British weekly newspaper (1808–1886)

The Examiner was a British weekly paper founded by Leigh and John Hunt in 1808. For the first fifty years it was a leading intellectual journal expounding radical principles, but from 1865 it repeatedly changed hands and political allegiance, resulting in a rapid decline in readership and loss of purpose. The paper ceased publication in 1886.

==Early history==
While The Examiner was in the hands of John and Leigh Hunt, the sub-title was "A Sunday paper, on politics, domestic economy, and theatricals", and the newspaper devoted itself to providing independent reports on each of these areas. It consistently published leading writers of the day, including Lord Byron, Mary Shelley, Percy Bysshe Shelley, John Keats and William Hazlitt. The Hunt brothers failed in their initial aspiration to refuse advertisements in an effort to increase impartiality. In the first edition, the editor claimed The Examiner would pursue "truth for its sole object"; the paper's radical reformist principles resulted in a series of high-profile prosecutions of the editors. A tradition of publishing accurate news and witty criticisms of domestic and foreign politics was continued by Albany Fonblanque, who took over the paper in 1828.
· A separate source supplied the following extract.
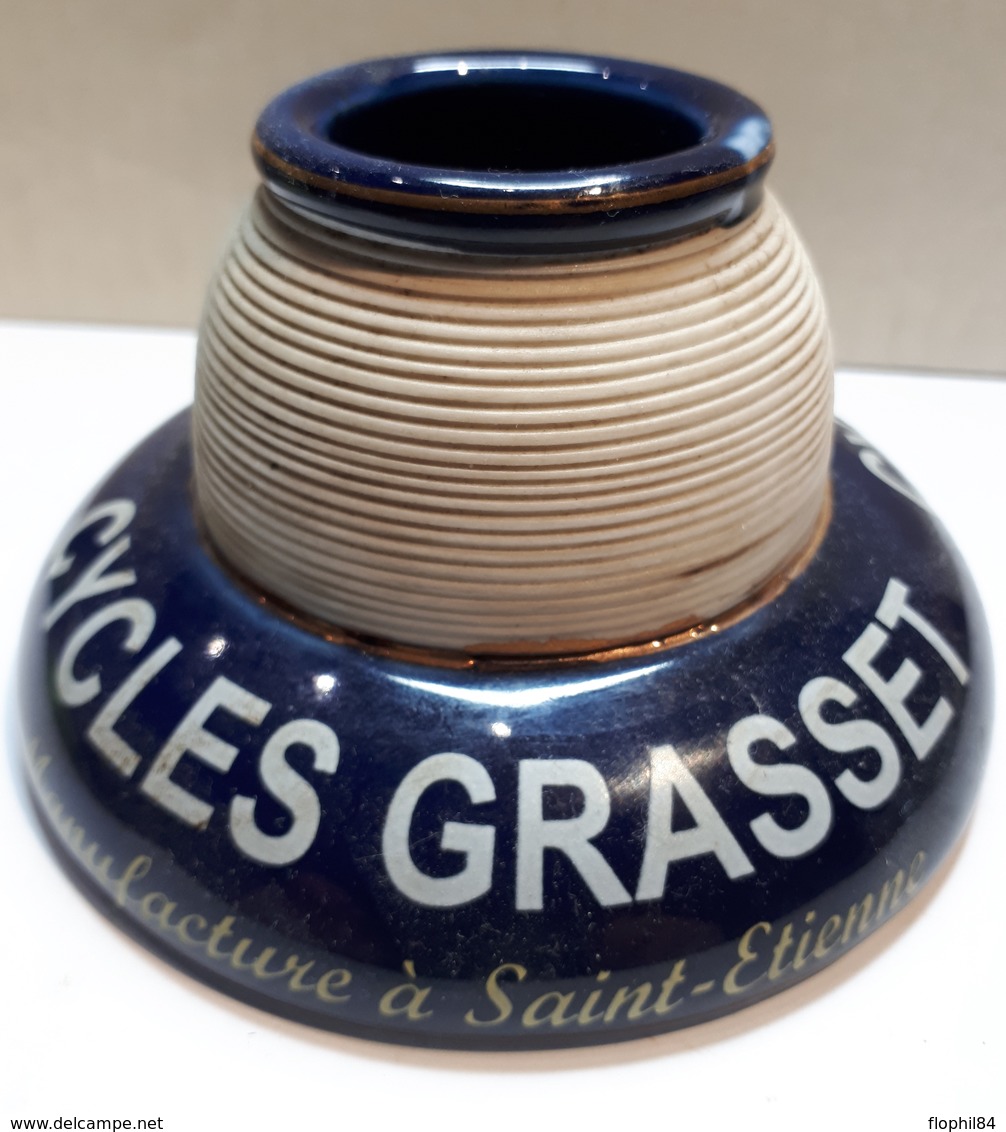 ANCIEN PYROGENE - GRATTOIR A ALLUMETTES - PORCELAINE - CYCLES GRASSET - MANUFACTURE A SAINT ETIENNE. - Luciferhouders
Until Fonblanque sold The Examiner in the mid-1860s, the newspaper took the form of a sixteen-page journal priced at 6d, designed to be kept and repeatedly referred to.

==Later times==
Albany Fonblanque, the journal's political commentator since 1826, took over The Examiner in 1830, serving as editor until 1847. He brought in such contributors as John Stuart Mill, John Forster, William Makepeace Thackeray, and most notably Charles Dickens. Fonblanque also wrote the first notice of Sketches by Boz (28 February 1836) and of The Pickwick Papers (4 September 1836). Forster became the magazine's literary editor in 1835, and succeeded Fonblanque as editor from 1847 to 1855. Forster himself was succeeded by Marmion Savage.
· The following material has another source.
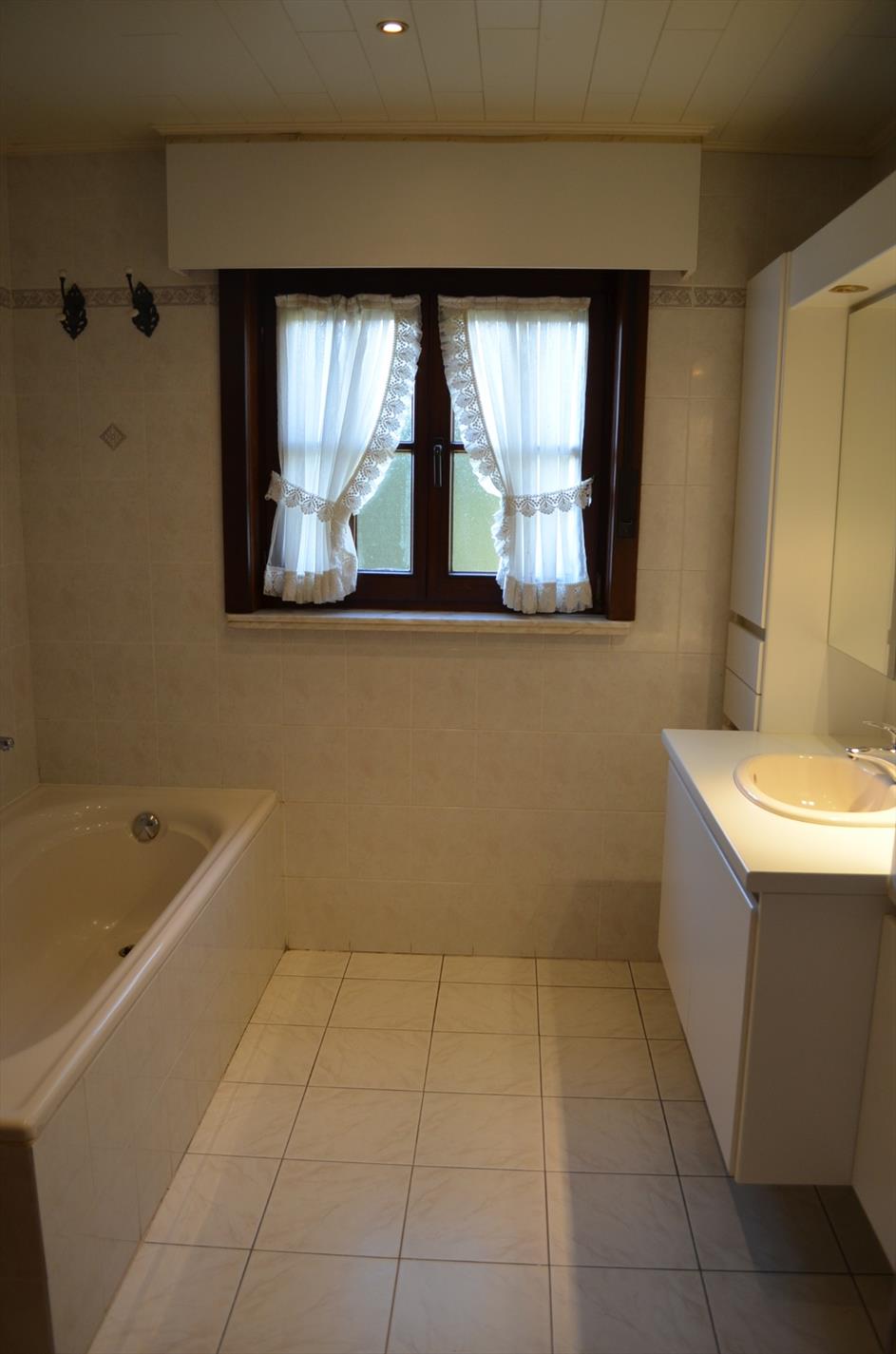 Rustieke woning met 3 slpks en tuin in rustige wijk te Eeklo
Circulation per issue varied over time. In 1829, it was 5,200, 1837 (3,900), 1840 (6,000), 1845 (5,100) and 1854 (4,800).

The Examiners reputation was undermined when the new owner, William McCullagh Torrens, halved the price of the publication in 1867. Although its tradition of radical intellectual commentaries was revived in the 1870s under the editorship of William Minto, The Examiner was repeatedly sold until the final edition appeared in February 1881.

The magazine ceased publication in 1886.